I never planned to be someone’s maybe, someone’s last option. But in the blink of an eye, I found myself here, crawling in front of you and begging for some love. I was wondering why you couldn’t love me the way I loved you.
I was so easy to love but you refused to see that. You always treated me like someone who will be there for you no matter what you do. You liked the feeling that there is someone who loves you even if you don’t love them.
Your ego was boosted every time I would call you late at night in my moments of insanity, asking you why you don’t want to love me back and why you are pushing me away.
Then, when you would smile and tell me that I should go to bed, I realized how little I meant to you. And you meant the whole world to me.
Every time when you would neglect me, I died inside. Every time you would look at another girl, my whole world would fall apart.
Every time you would say that you are happy with someone new in your life, I would lose any hope that I will be with you.

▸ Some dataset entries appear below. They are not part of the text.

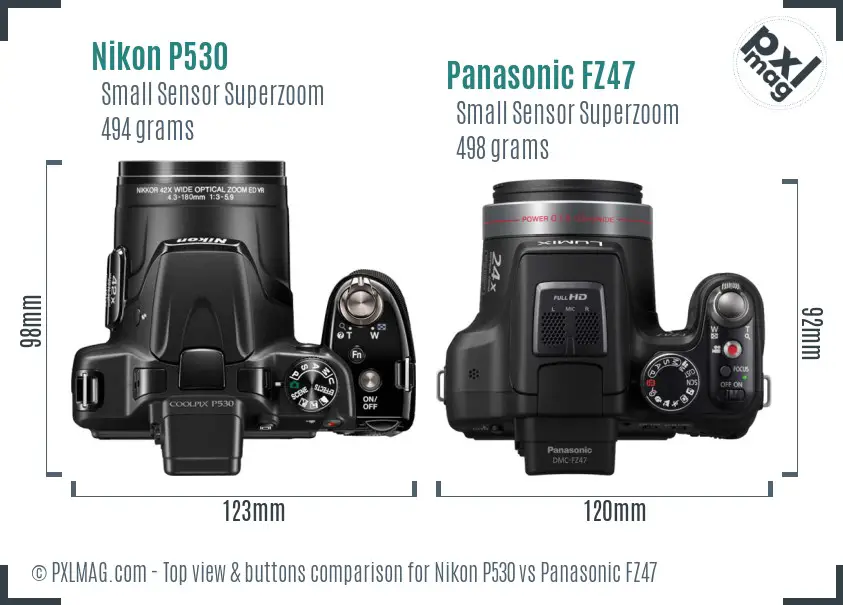 Nikon P530 vs Panasonic FZ47 top view buttons comparison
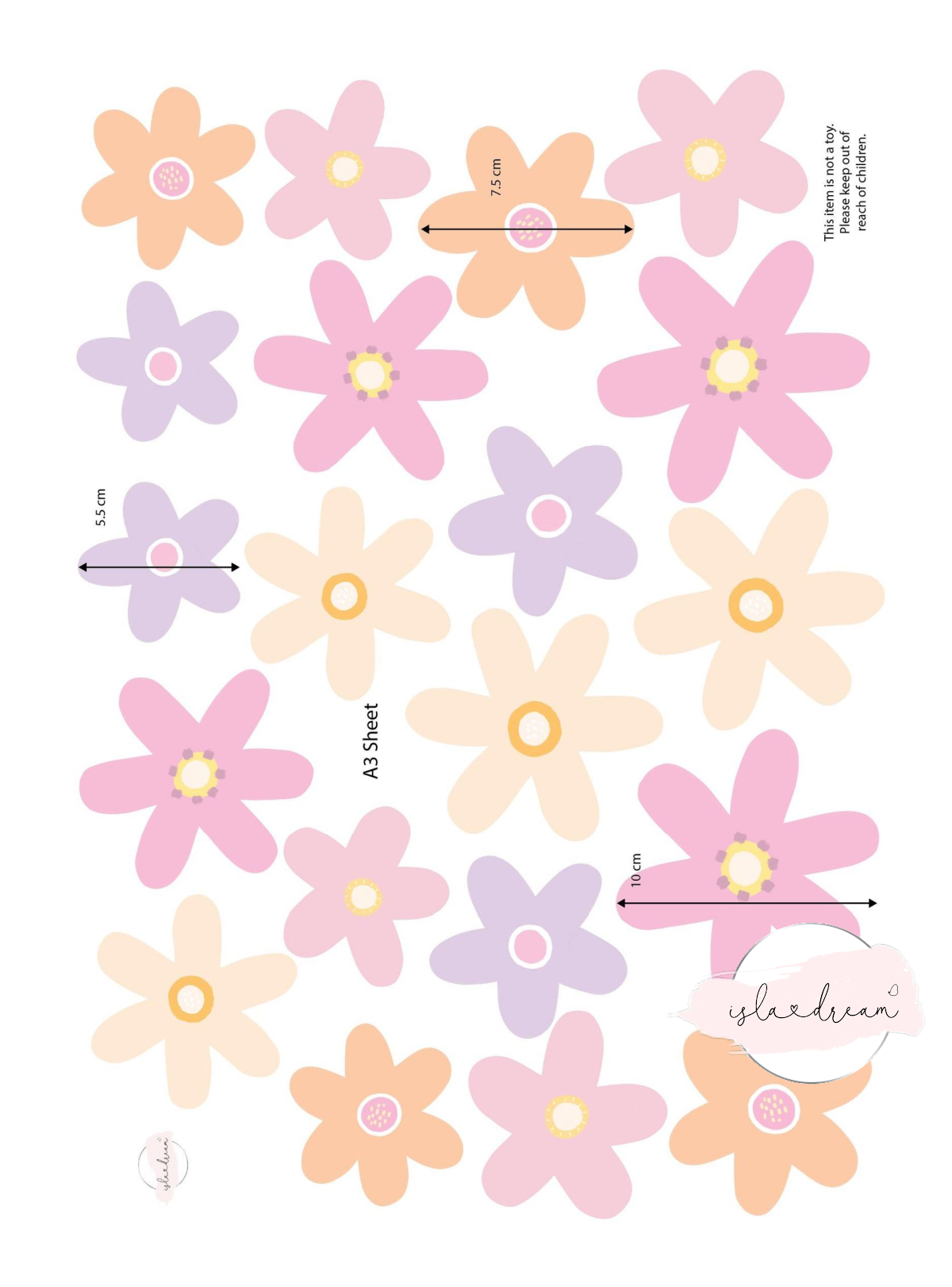 Spring Fling Soft Pastel Flower Wall Decals - A3 & A2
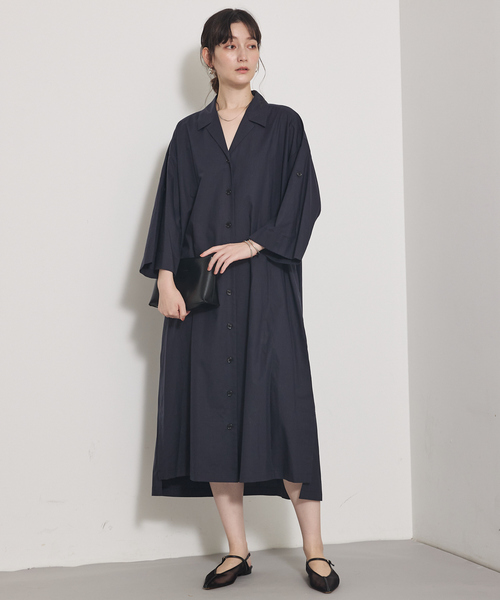 qualite（カリテ）の「ダンプシャツワンピース/秋服/冬服/羽織り（ワンピース・レディース・ベージュ/ダークネイビー・38/36）」の4枚目の写真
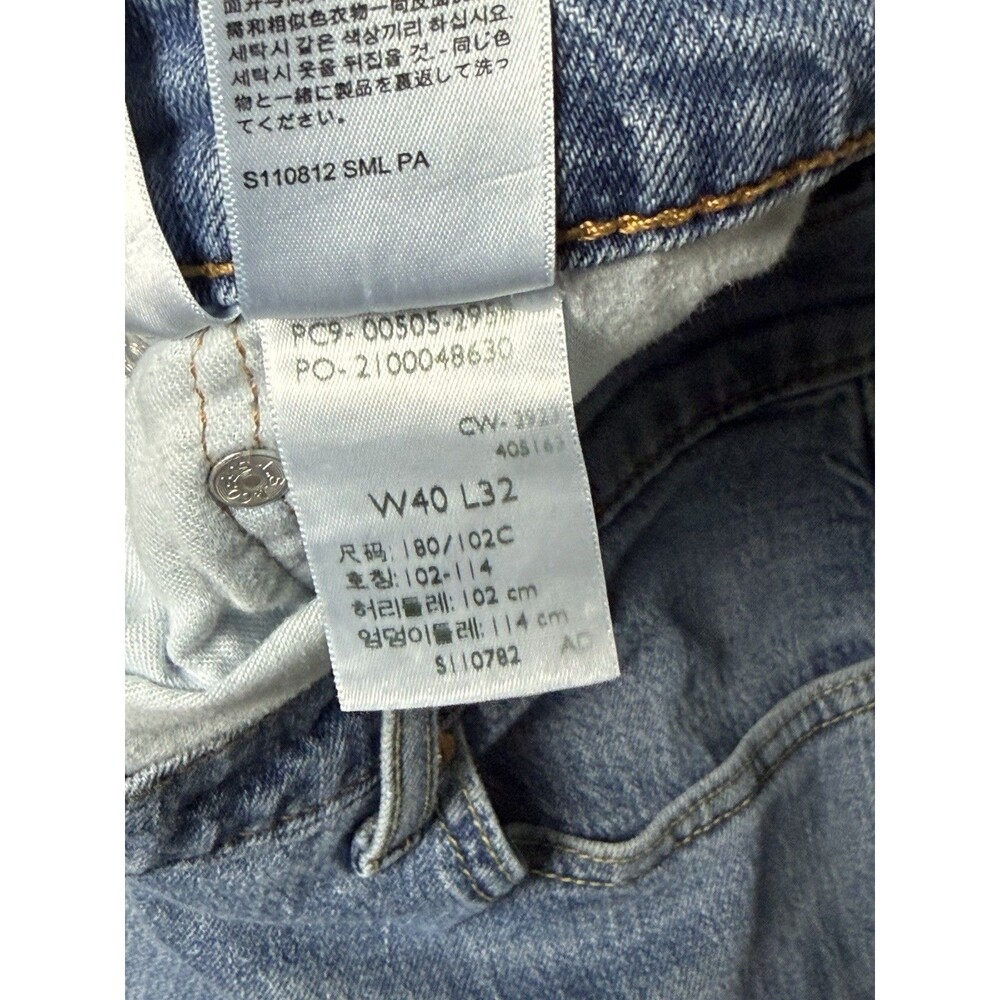 Levi's 505 Jeans Men 40x 32 Blue Denim Medium Wash Straight Leg Regular Levis - Picture 7 of 11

I desperately wanted to hear that you love me just like I loved you. But I never heard those words coming out of your mouth. And when I asked you if we can be more than friends, you just said ‘maybe’.

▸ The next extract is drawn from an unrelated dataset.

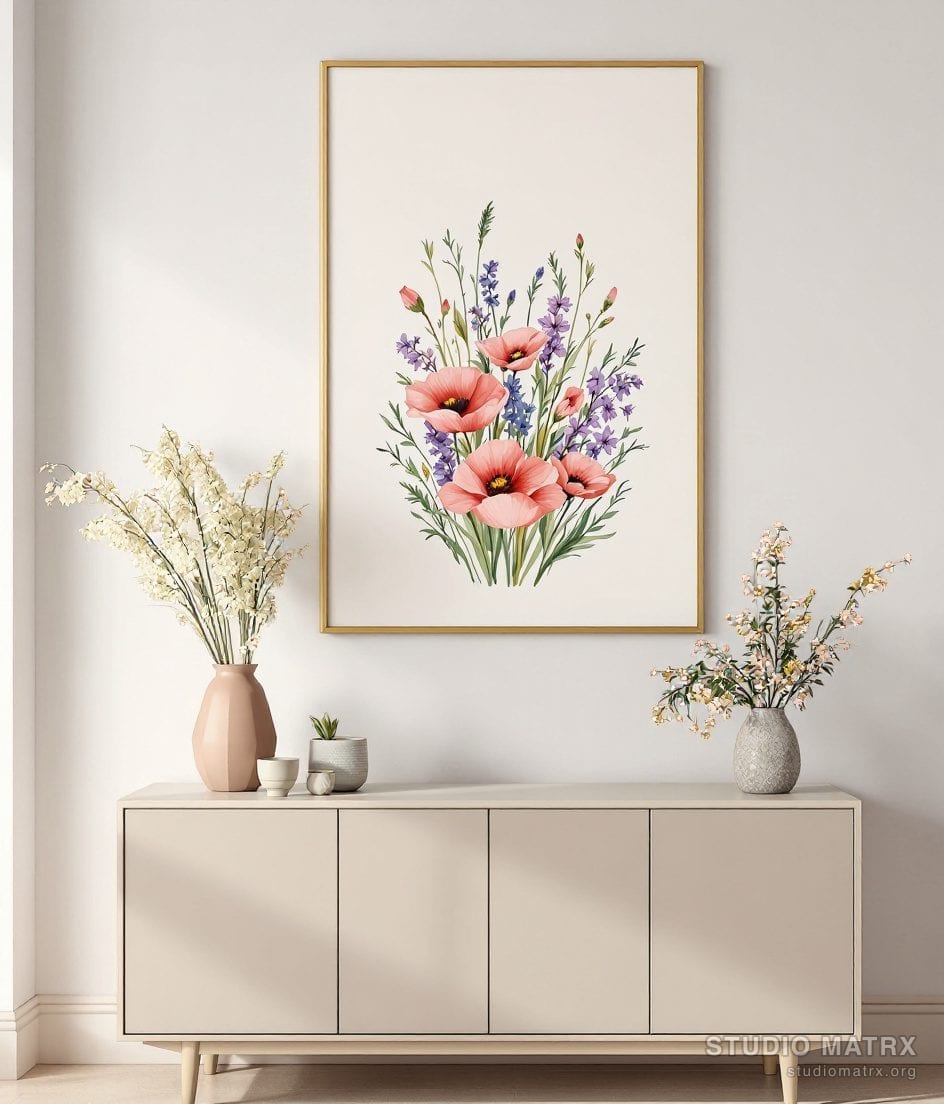 Watercolour Wildflower Bunch — Warm White Wall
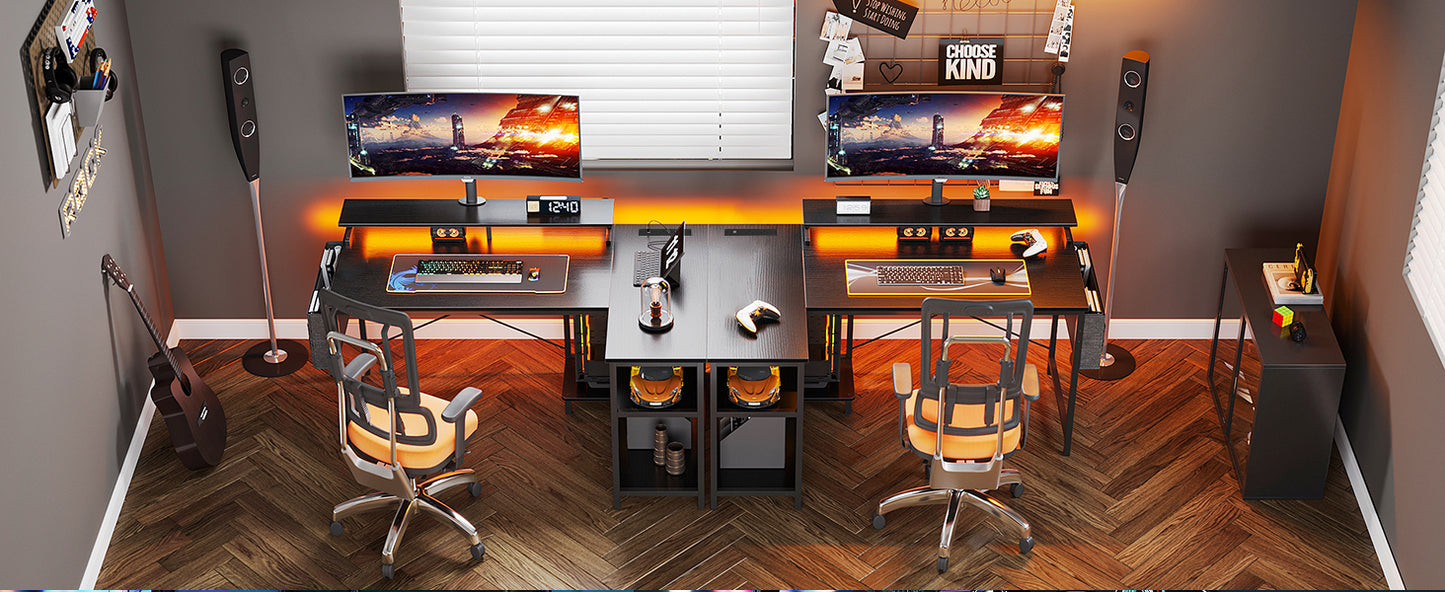 Coleshome L Shaped Gaming Desk with LED Lights, 120 × 80 cm Computer Desk with Power Outlet, Black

For you, once more I was the last option—your last choice who would be there when all of your so-called friends left you.

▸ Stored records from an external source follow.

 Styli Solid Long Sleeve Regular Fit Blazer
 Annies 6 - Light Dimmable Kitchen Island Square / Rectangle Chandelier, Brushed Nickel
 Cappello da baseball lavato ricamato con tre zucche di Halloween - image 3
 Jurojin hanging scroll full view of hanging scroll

I was supposed to be the one who will comfort you in your moments of sorrow but who will never be able to wipe the tears from your cheeks. I was supposed to be the one who will tell you that everything will be okay but who will never be able to hug you.
I was just a woman who you would come to every time when it was convenient for you. And every time you called, I would come without thinking about my pride.
Because of you, I forgot to cherish myself. I always put you first but that was my biggest mistake.
I don’t know why I settled for someone who never knew my true value. I don’t understand why I accepted to be your last choice in the first place.
Maybe I was so much in love that I didn’t pay attention to that. And no matter how much I think about that, I can’t find reasons good enough to explain why it took me so much to get rid of putting you first.
But I somehow managed to do that, even if that meant letting you go out of my life. I knew that I had been holding onto something that didn’t exist anymore. And it was enough!
So, I gave up!
And I didn’t do that because I failed but because I learned.
I learned that it was time to stop putting others first because I am the only priority in my life. I learned that others will never respect me if I don’t respect myself enough.
I realized that no matter what you said, I was more than enough. I was worthy of your love but you never wanted to admit that.
From now on, I have a totally different outlook on life. I don’t look at myself in the mirror and think that I am the unlovable one.
Now, I think that I deserve all the love and affection of this world. I am no longer interested in being someone’s ‘maybe’, someone’s last choice like I was to you.
I am not interested in being part of a one-sided love anymore—the love where I was the one who was always giving and never receiving.
I am done being in love with the man who couldn’t even give me a chance to show him my love.
I don’t want to waste my time on someone who will never accept me the way I am.
If I already was your second choice, then you definitely don’t deserve to be my first. Never again!